#### [RECORDS SUPPLIED]

◇ ◇ ◇ ◇ ◇

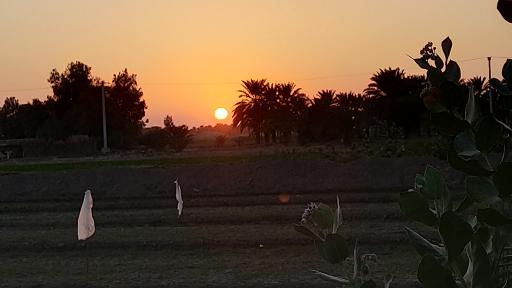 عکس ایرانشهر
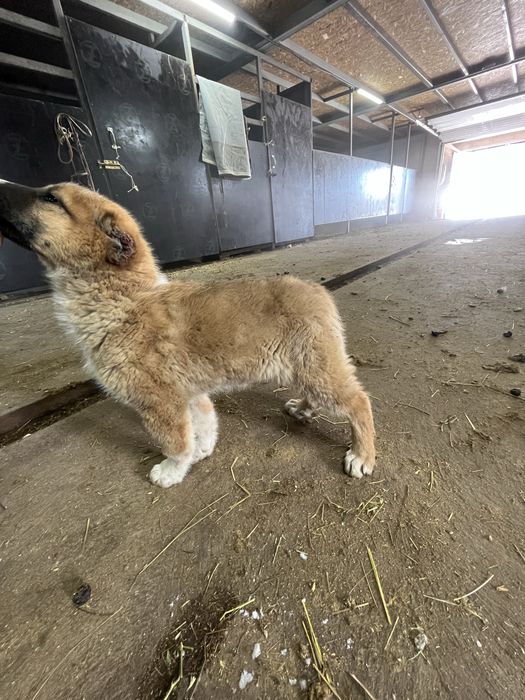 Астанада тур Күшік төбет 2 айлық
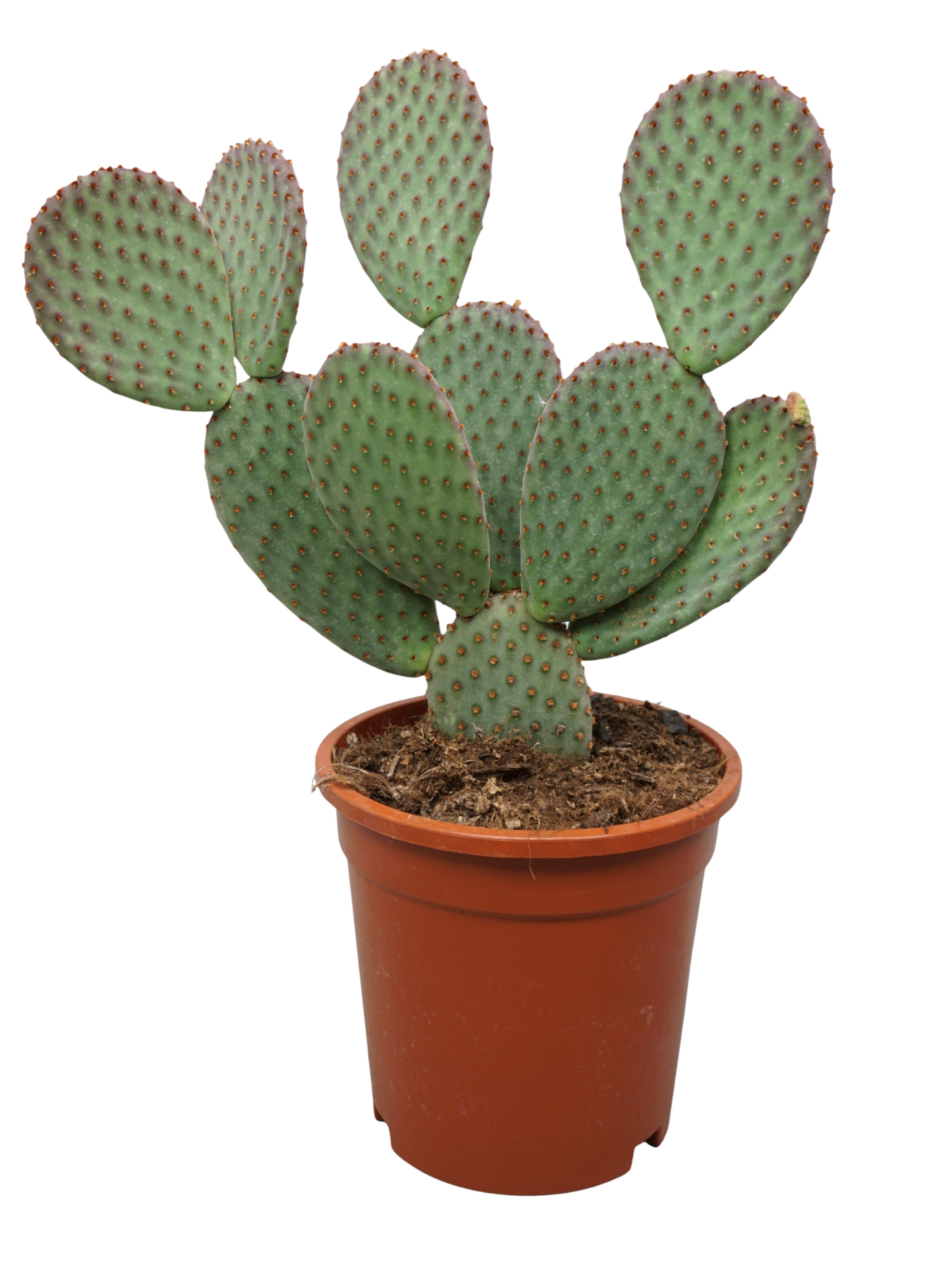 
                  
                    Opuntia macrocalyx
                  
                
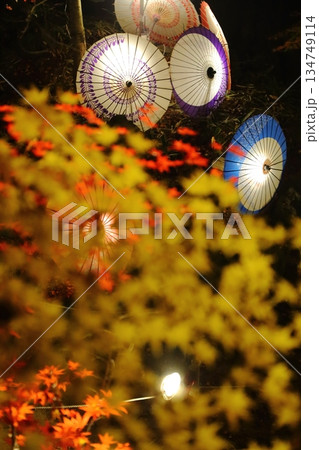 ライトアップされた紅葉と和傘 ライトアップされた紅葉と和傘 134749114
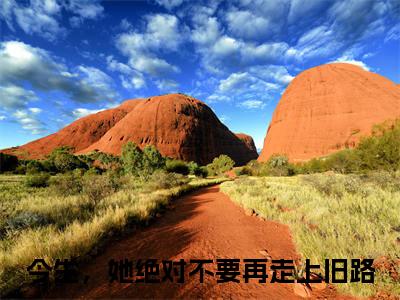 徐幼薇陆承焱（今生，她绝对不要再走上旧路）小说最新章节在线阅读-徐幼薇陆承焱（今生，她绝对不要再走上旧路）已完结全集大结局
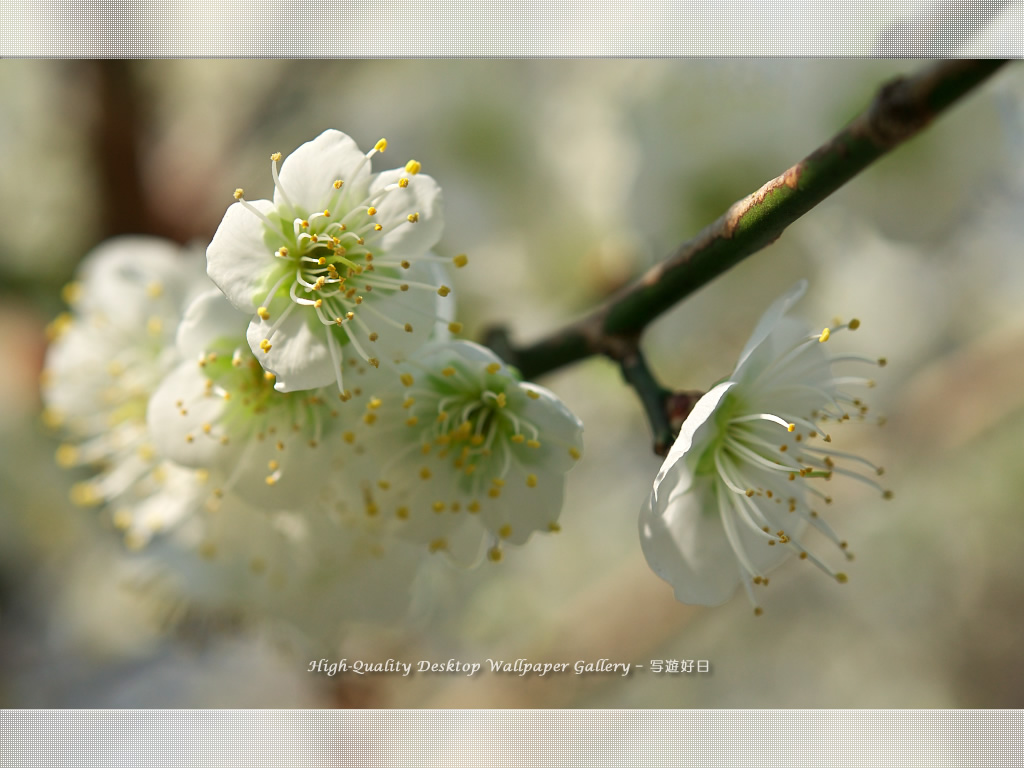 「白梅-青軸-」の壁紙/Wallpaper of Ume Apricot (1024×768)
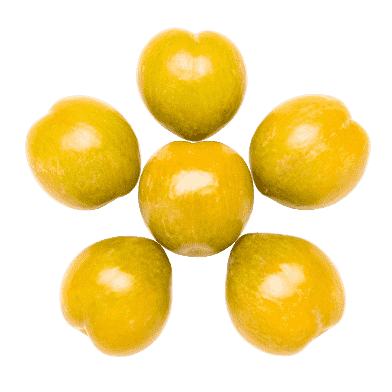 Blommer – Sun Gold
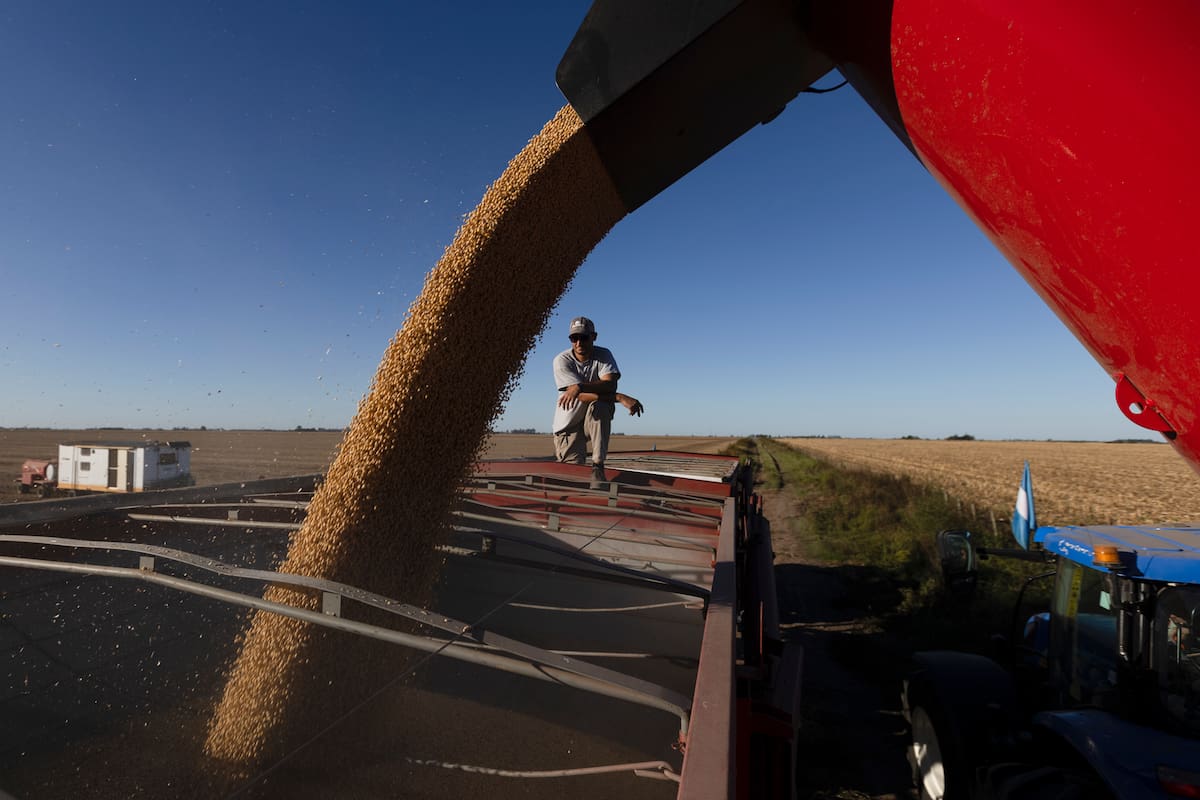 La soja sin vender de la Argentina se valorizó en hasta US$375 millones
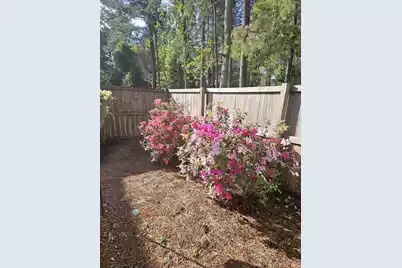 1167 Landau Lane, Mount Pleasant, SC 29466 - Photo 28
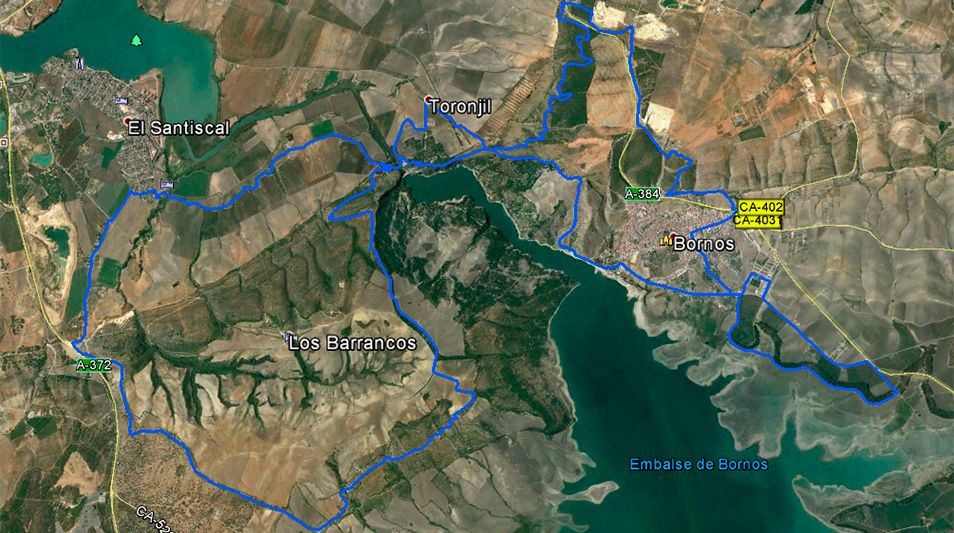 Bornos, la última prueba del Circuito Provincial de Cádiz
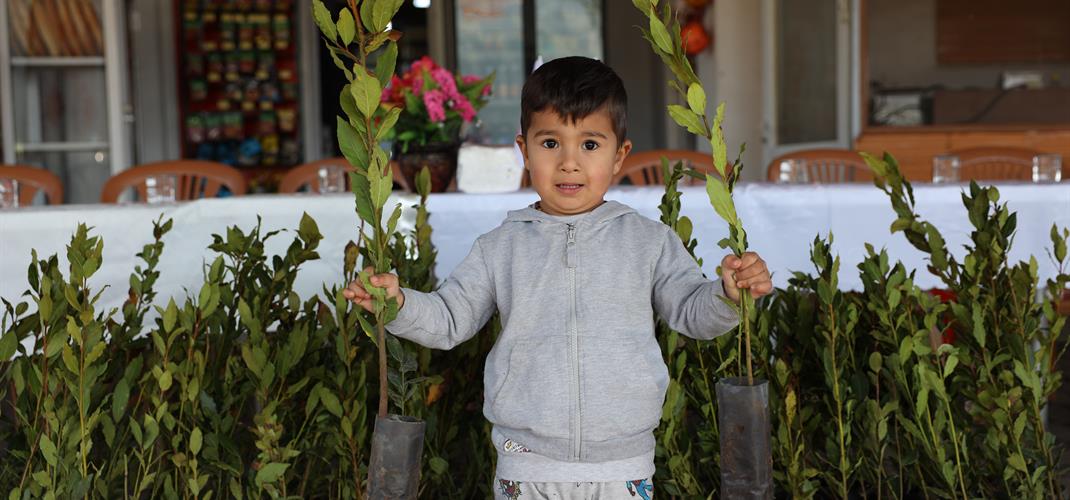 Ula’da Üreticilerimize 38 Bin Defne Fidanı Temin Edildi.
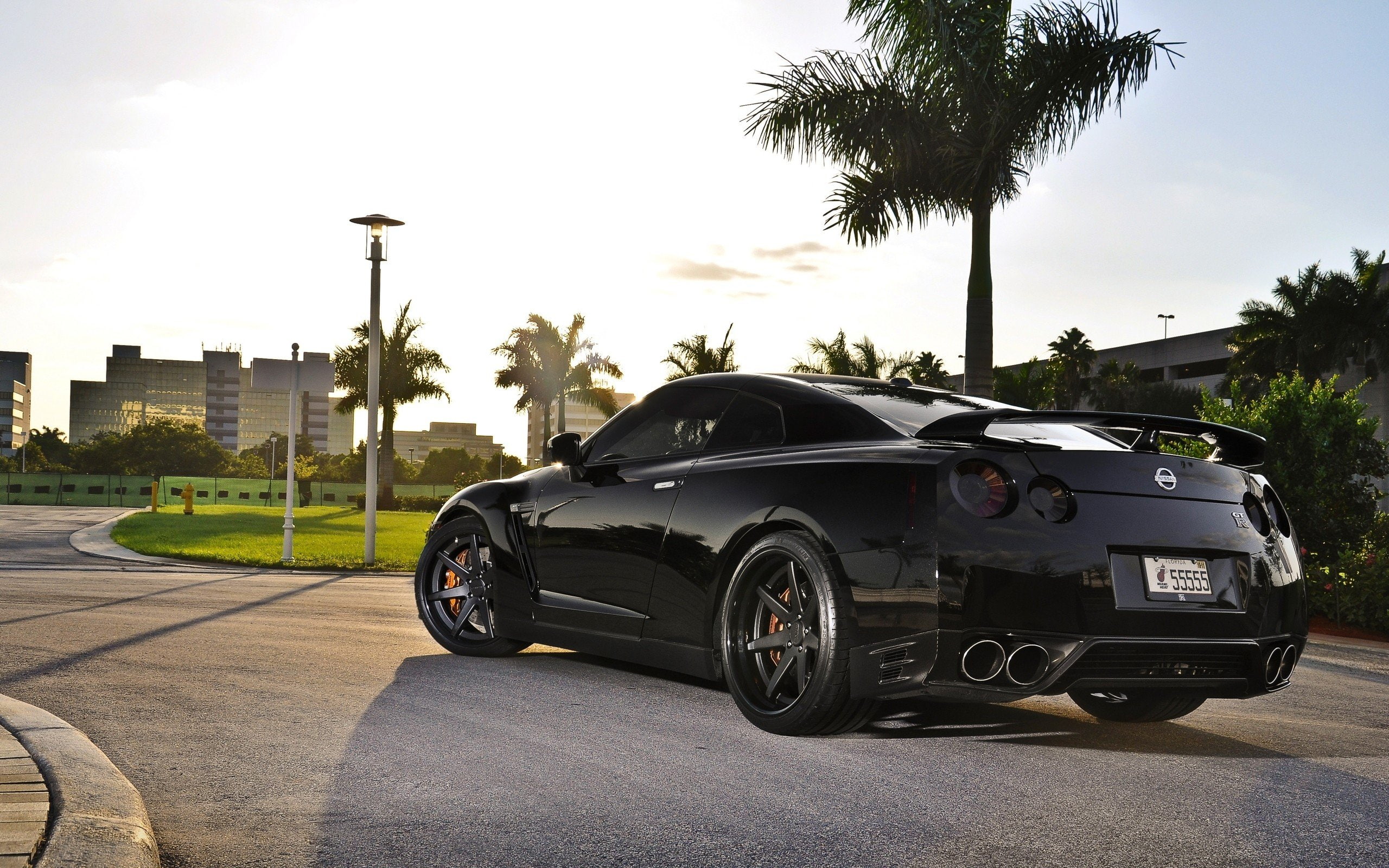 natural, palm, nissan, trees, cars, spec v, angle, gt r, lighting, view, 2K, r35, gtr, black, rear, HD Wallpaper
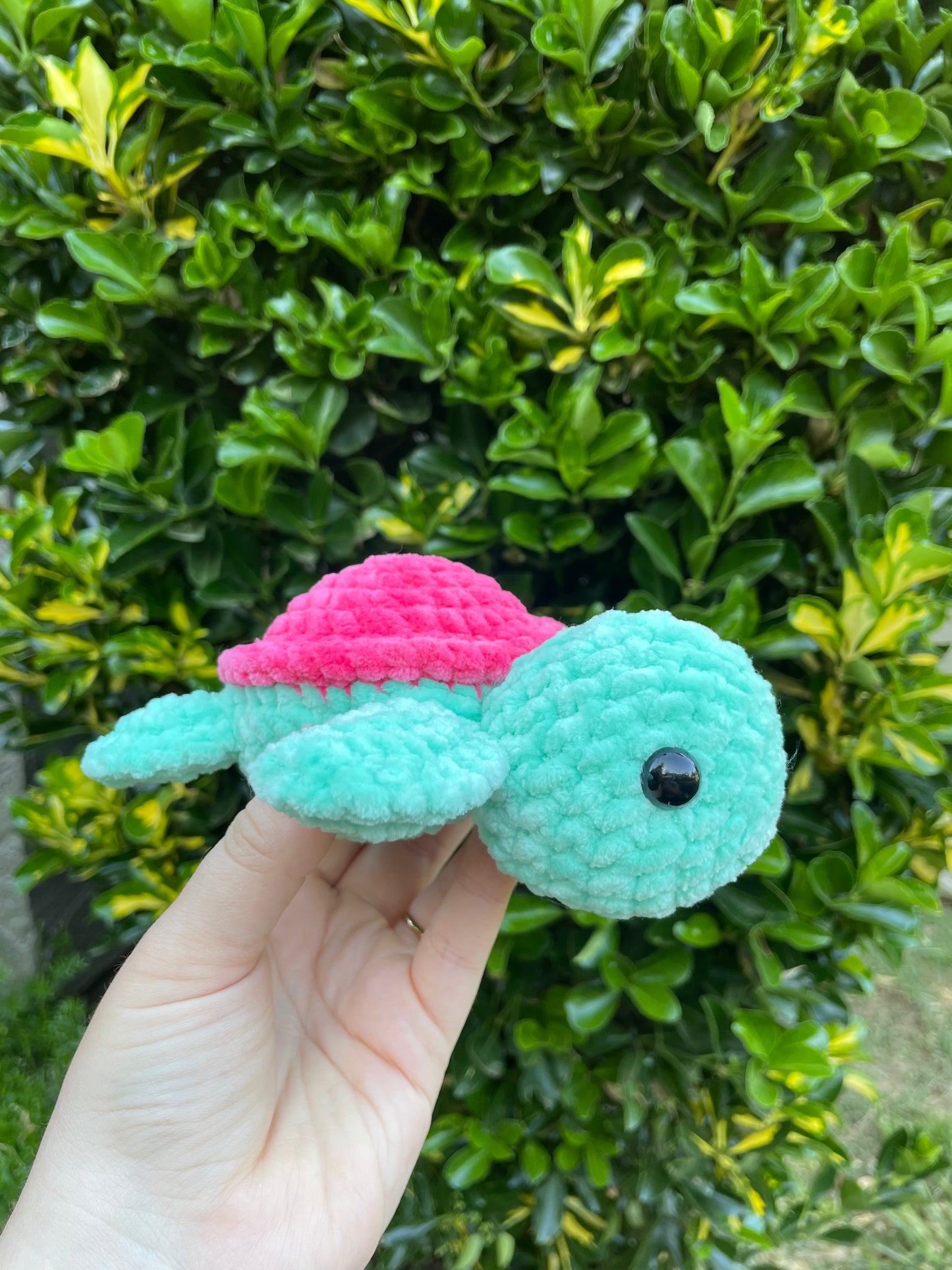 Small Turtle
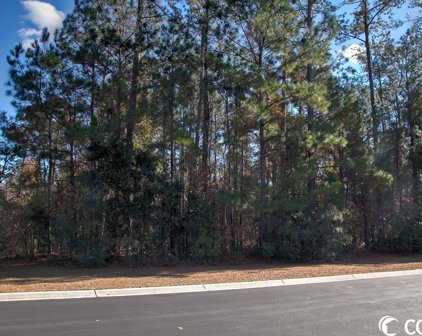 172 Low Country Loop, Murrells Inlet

◇ ◇ ◇ ◇ ◇

#### [YOUR TASK]
Would you please write out the entries in full, exactly as they read, but without pictures?

#### [EXERCISE RESULT]
 عکس ایرانشهر
 Астанада тур Күшік төбет 2 айлық
                  
                    Opuntia macrocalyx
                  
                
 ライトアップされた紅葉と和傘 ライトアップされた紅葉と和傘 134749114
 徐幼薇陆承焱（今生，她绝对不要再走上旧路）小说最新章节在线阅读-徐幼薇陆承焱（今生，她绝对不要再走上旧路）已完结全集大结局
 「白梅-青軸-」の壁紙/Wallpaper of Ume Apricot (1024×768)
 Blommer – Sun Gold
 La soja sin vender de la Argentina se valorizó en hasta US$375 millones
 1167 Landau Lane, Mount Pleasant, SC 29466 - Photo 28
 Bornos, la última prueba del Circuito Provincial de Cádiz
 Ula’da Üreticilerimize 38 Bin Defne Fidanı Temin Edildi.
 natural, palm, nissan, trees, cars, spec v, angle, gt r, lighting, view, 2K, r35, gtr, black, rear, HD Wallpaper
 Small Turtle
 172 Low Country Loop, Murrells Inlet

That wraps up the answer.